Intruders is a thriller and I’m going to be very careful about what I say in the review because this is one film I don’t want to give spoilers on. Some films you can read reviews, spoilers and even a complete synopsis on it without all the information ruining your viewing experience. I don’t think the same is true about Intruders (or really any thriller, I think that you’ll enjoy it more if you just let yourself get swept up by the story.
I quite enjoyed it, and loved how it wasn’t what I was expecting but… it had a really slow start. The first 10-15 minutes had me wondering a bit but then the story started to get on a role, the plot deepened and I was caught. It wasn’t so much that I was wondering “who did it?” although that was a part of it, but rather I was trying to piece together how all these disparate events could be woven together. I love films that make me think and Intruders certainly gave my mind a workout.
For me, it was the characters interactions that truly raised this film above other thrillers, as well as the characters themselves. They just all seemed so real, so authentic. The main character was quite likeable and believable, and well-acted by Jun Suk Ho (전석호). But I think it was the ex-con, played by Oh Tae Kyung (오태경) that truly made the film, not knowing what he was in jail for (especially knowing he was in solitary) keeps you guessing throughout the film. And he earnest, overly-friendly overtures make him likable even when you are wondering what he’s guilty of.
Intruders has an intelligent plot with more twists than most thrillers, it will keep you guessing on who the “intruders” are until the end. If you pay attention, and perhaps know a little about Korea, the foreshadowing will both help you understand what’s happening – I’m looking at you “news” – and further confuse you – the frequent mentions of “pig”.

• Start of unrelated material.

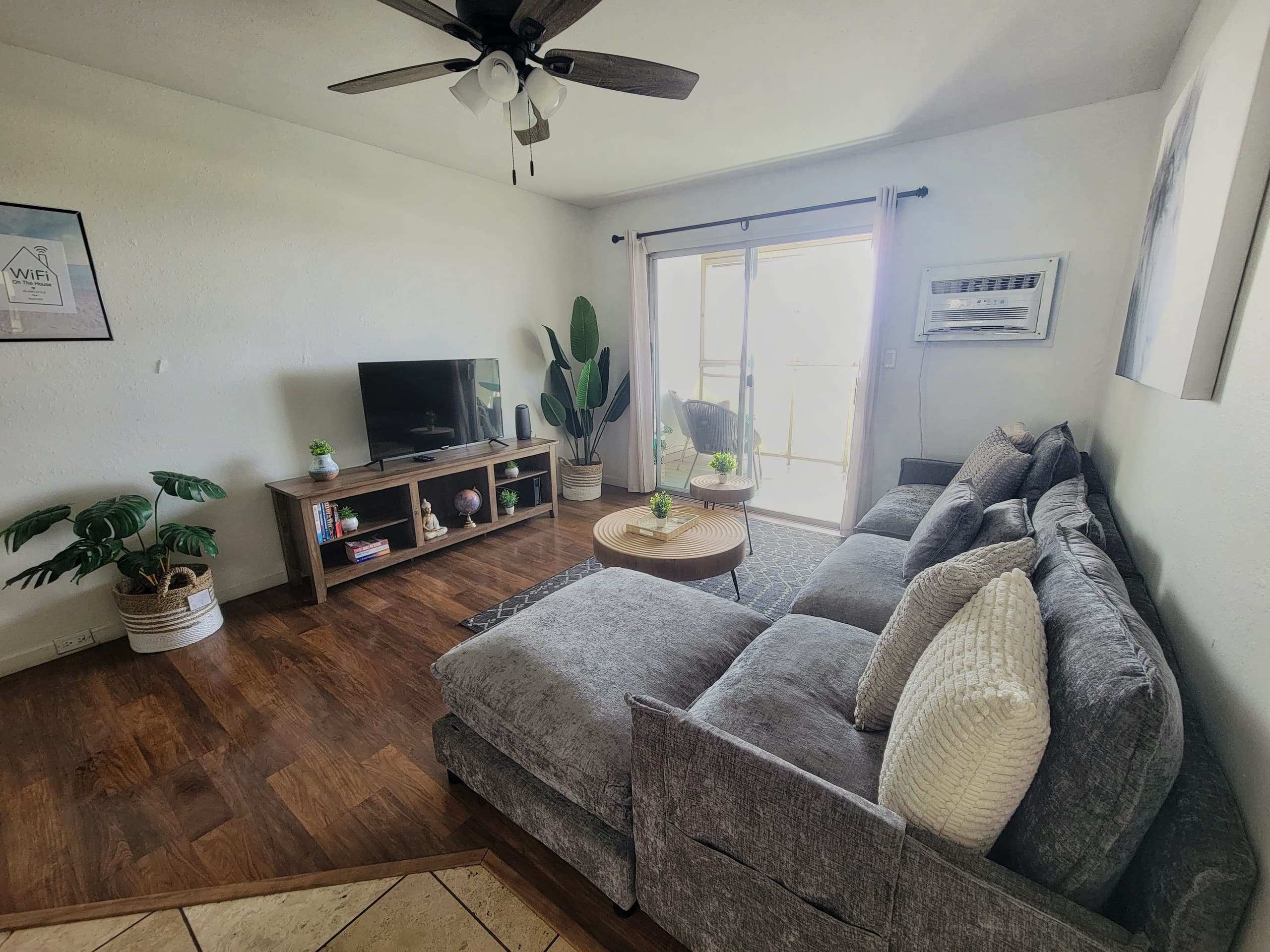 Condo in Kailua-Kona · ★4.77 · 1 bedroom · 1 bed · 1 shared bath - Image 3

Loved the ending! Did he live? Who was at the door? I normally hate endings like that but in this case, not knowing fit perfectly with the rest of the film. If it wasn’t for the slow start, I would have absolutely loved the film. As it was, I really enjoyed it and would recommend it to anyone. It did take me a while to get engaged with the story but once I did, I was all in. Go see it!

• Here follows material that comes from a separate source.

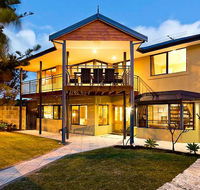 Mullaloo Beachfront Retreat - Stayed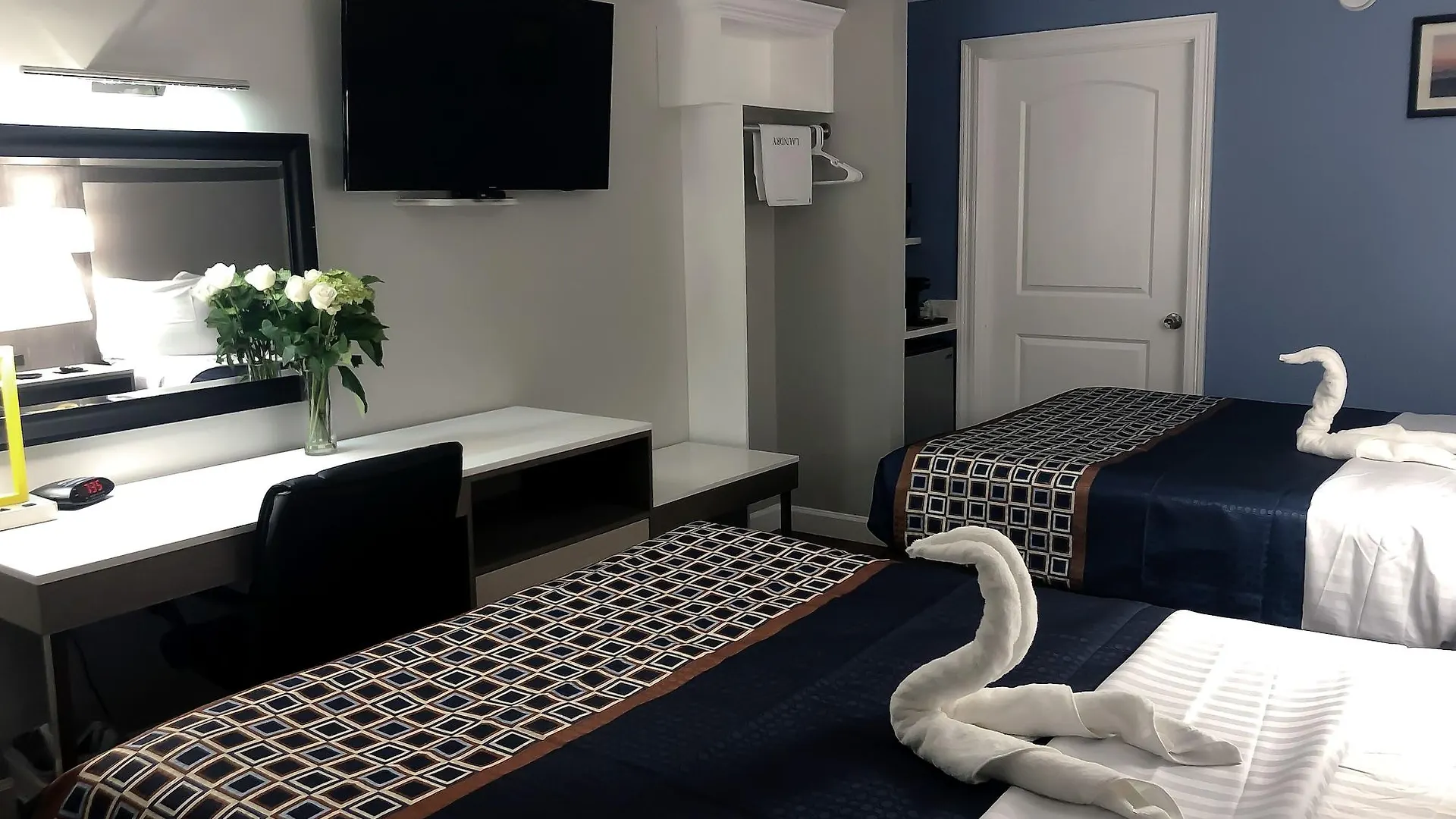 & Hotel Destin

I love when I’m writing something and then I wonder, “hmm… am I the only one who thinks this?” so I do a little research and find out that I wasn’t. You see, I often think that certain Korean films will either make more sense or be more enjoyable if the viewer has a little knowledge of Korean culture (and no, I don’t think that only Koreans can understand them as some writers assert, I think anyone with some knowledge will do fine). Intruders is one of those films. Oh, it’ll be an enjoyable film for anyone who likes thrillers regardless of their knowledge of Korea but those with some knowledge will get more from it. And I’m not the only one to think so, it was if Todd Brown from Twitch was reading my mind in his review of the film.
Did you watch Intruders (조난자들) at the Toronto International Film Festival (TIFF)? What did you think of it?